Wildflowers of Northern California’s Wine Country and North Coast Ranges, by Reny Parker, New Creek Ranch Press, 2007, 282 pages, $24.95 www.renyswildflowers.com

Reny Parker is passionate about wildflowers. For 17 years, she has found and photographed them in their wild habitats around her home territory. Those images form the heart of her new pictorial and descriptive guide to 358 species of native flowers from Marin, Sonoma, Napa, and Mendocino counties. Within its pages are representatives of 83 plant families, mostly annual wildflowers but also woody perennials, vines, shrubs, trees, grasses, ferns, and several problematic exotic weeds.

Parker has made it easy for even a beginner to find a particular flower in the guide. Plants are grouped by flower color and by number of petals. Species that appear similar are placed near each other, so they can be compared easily.

Nontechnical descriptions of the species, composed by some of the region’s best native plant specialists, accompany the photographs, often with additional information about a plant’s rarity, natural and human history, and garden-worthiness, and always including bloom time and native counties. Other tidbits of information are fun and interesting: Who knew that sneezeweed (Helenium bolanderi) got its common name from its former use as powdered snuff? Or that bitter root (Lewisia rediviva), named for explorer Meriwether Lewis (who described the plant as “naucious to my pallate”), was a food staple for Native Americans? Following the main body of the book are lists and maps of wildflower hot spots in the four counties.
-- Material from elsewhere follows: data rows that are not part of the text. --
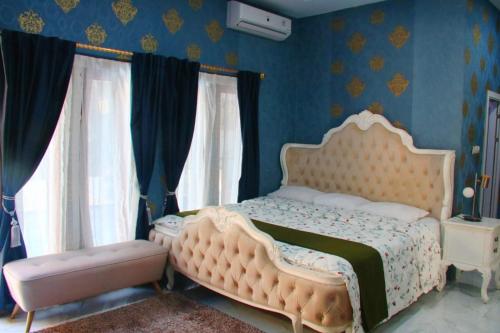 a bedroom with a white bed and blue walls at Adiwinoto villa and Homestay in Banyuwangi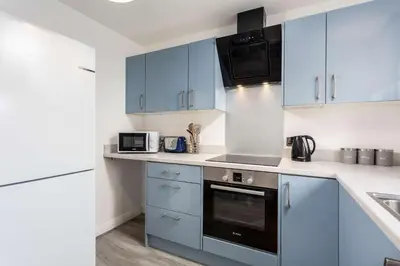 a kitchen with blue cabinets and a stove top oven at Albyn Retreat - Donnini Apartments in Prestwick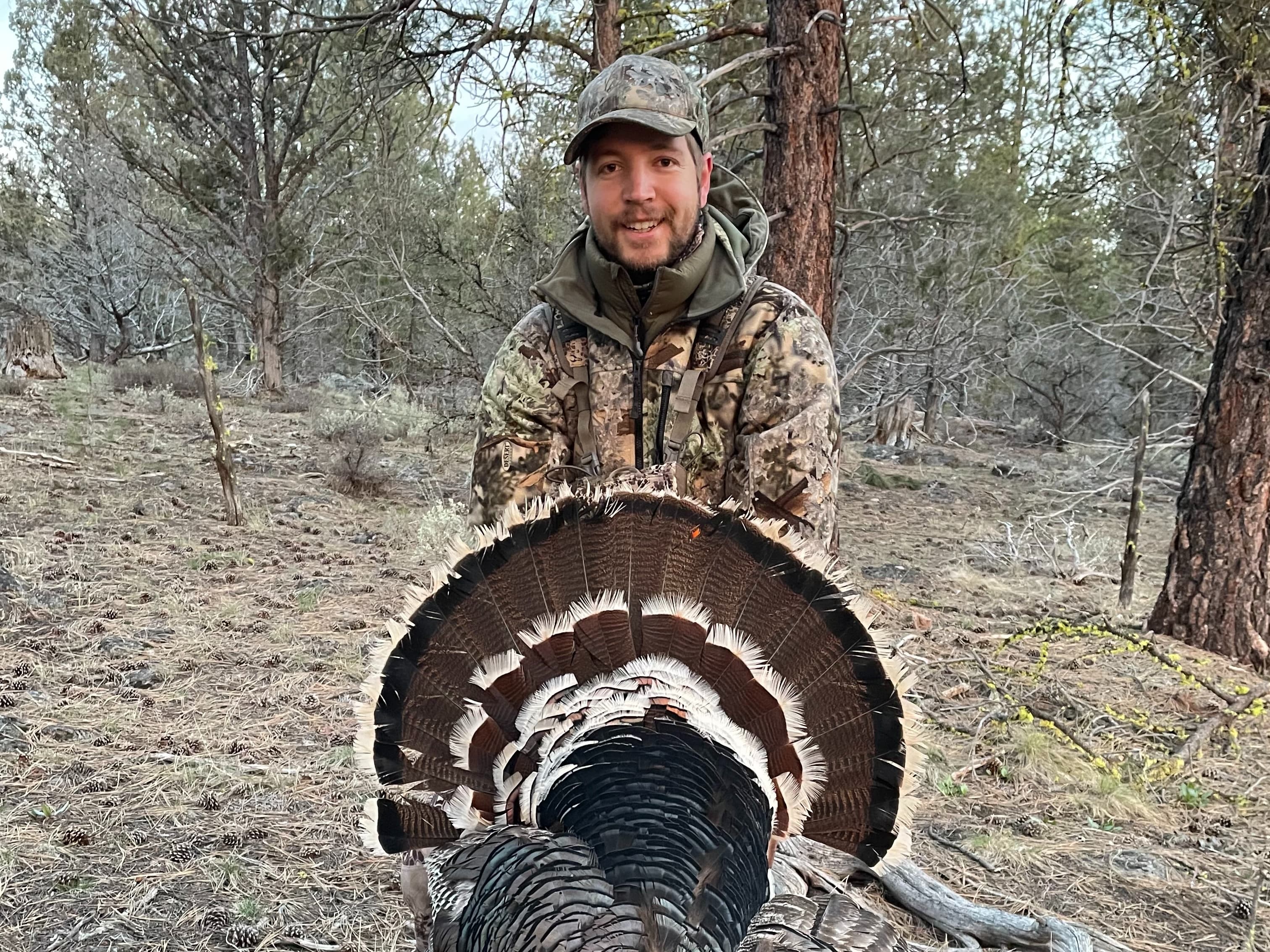 Man in camouflage gear smiles, holding a large, fanned-out turkey tail. Forest backdrop with trees and dry brush.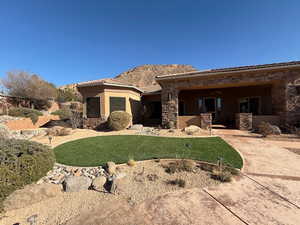 View of front of home featuring a front yard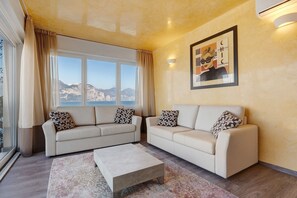 Un salon avec deux canapés, une table basse, une grande fenêtre avec des rideaux, un luminaire fixé au mur et un tableau encadré.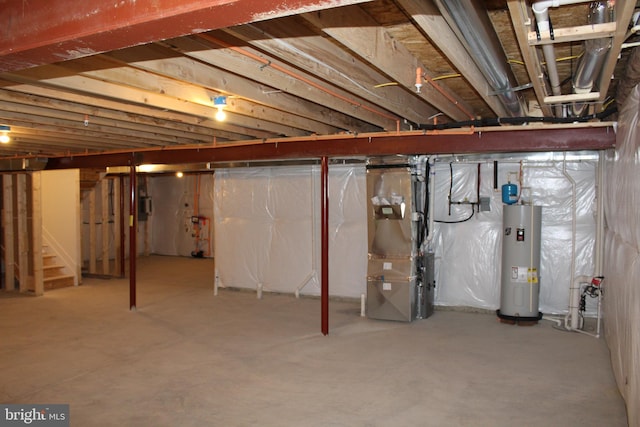 basement featuring water heater and heating unit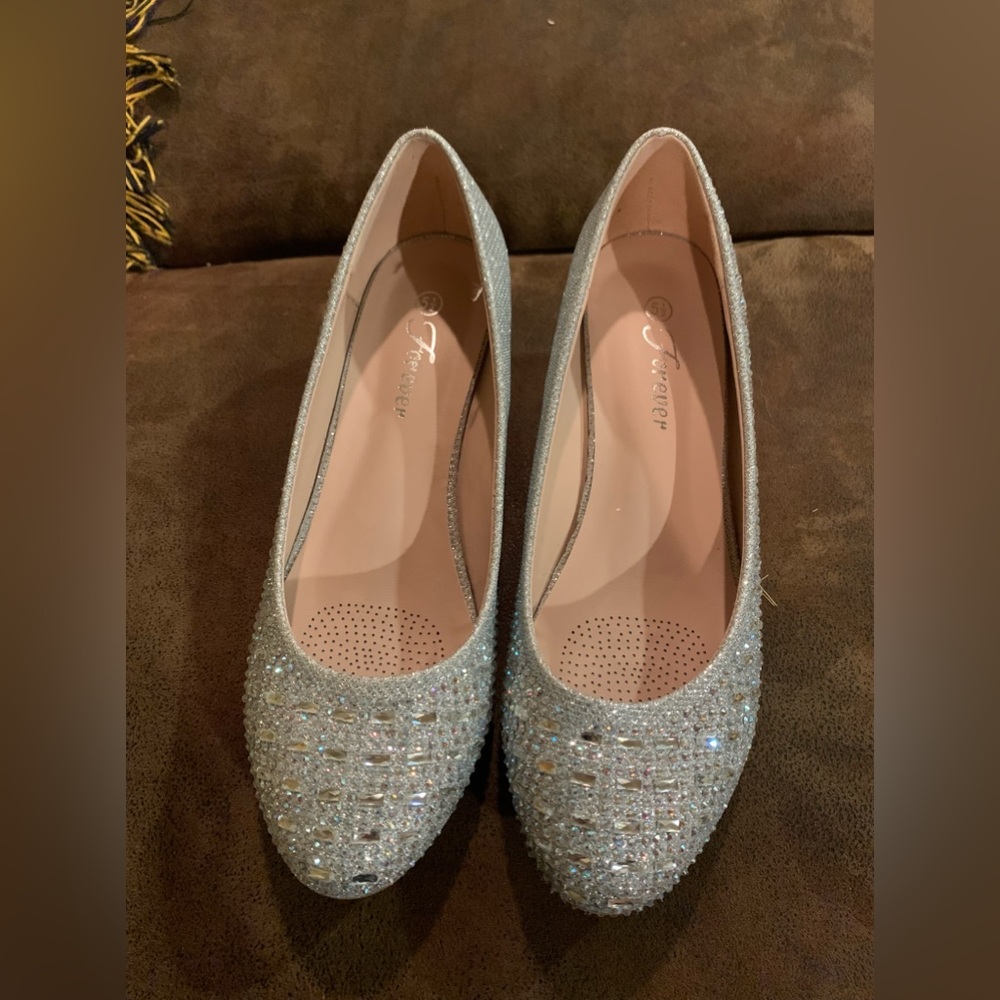 Excellent condition silver low wedge heels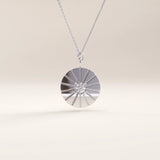 Silver vermeil coin necklace showcasing a circular pendant with a sunburst engraving and a sparkling stone centerpiece, blending elegance and modern charm.
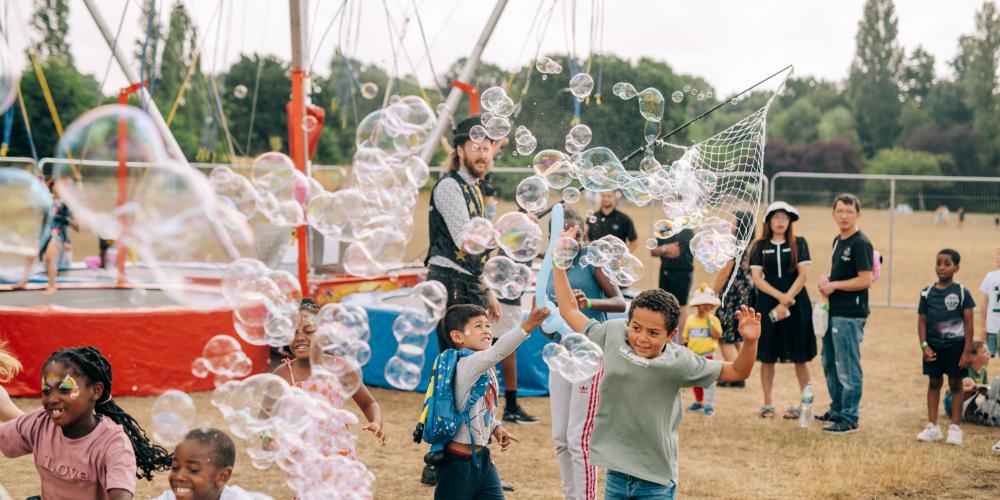 A group of children enjoy bursting a cloud of bubbles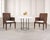 A stunning and rare set of four "Block Island" cane rush wicker dining chairs designed by John Hutton for Donghia in the...
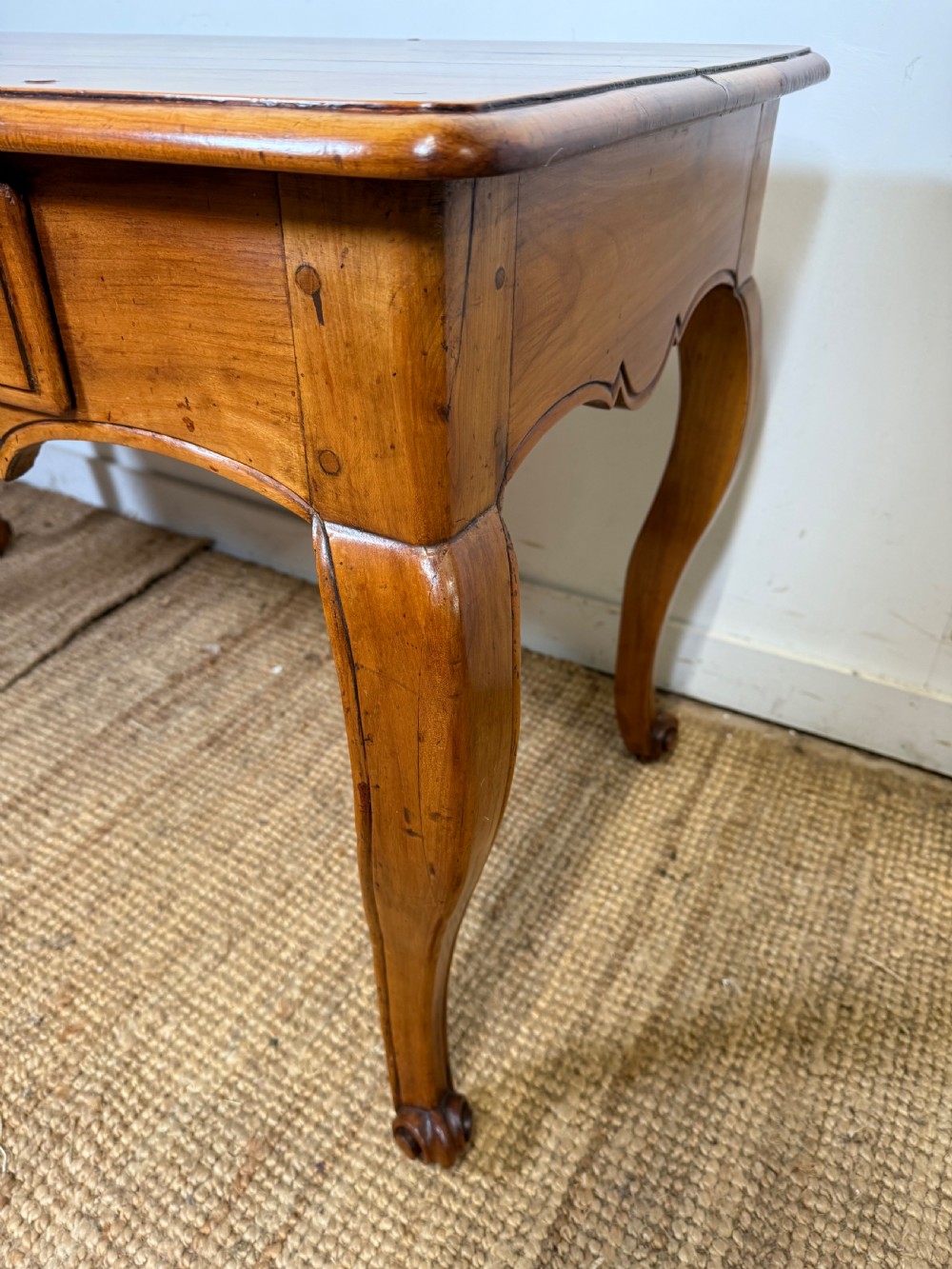 An early nineteenth-century French cherrywood side table featuring cabriole legs, a contoured apron with a single drawer, and a warm honey-coloured timber finish. View VIII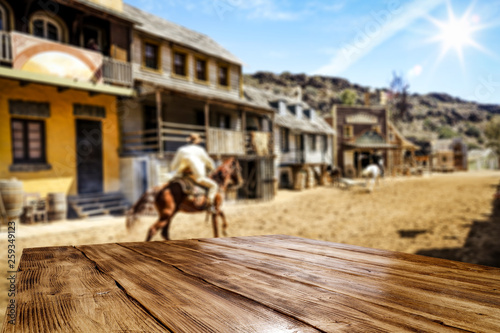 Wooden old table of free space for your decoration and Wild West background. 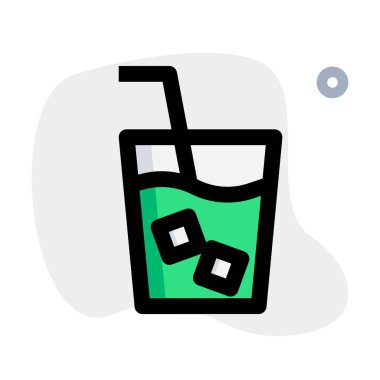 Glass of cold milk with straw and cubes.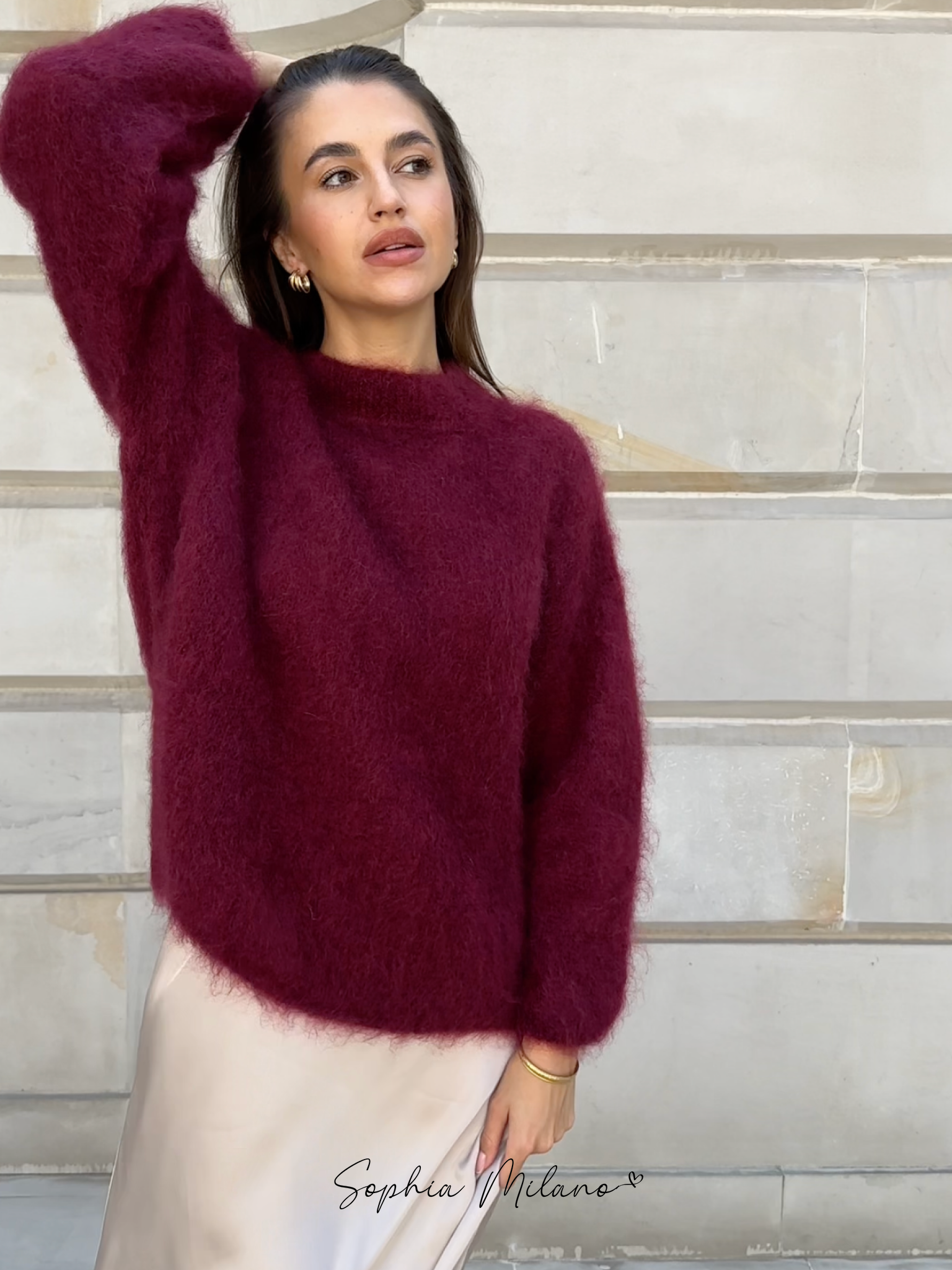 Kvinde iført bordeaux uldtrøje og hvid nederdel foran beige væg. Elegant mode, efterårslook, stilfuldt tøj, moderne kvindemode.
Wildflower guide photos are often more about education than artistry, with poor lighting, competing backgrounds, and repetitive bull’s-eye placement of their subjects. In comparison, Parker’s beautifully composed images stand out as lovely little works of art. Each reflects Parker’s devotion to her subject and her goal of inspiring others “to care for these delicate gifts of nature and preserve them and their habitats for future generations.”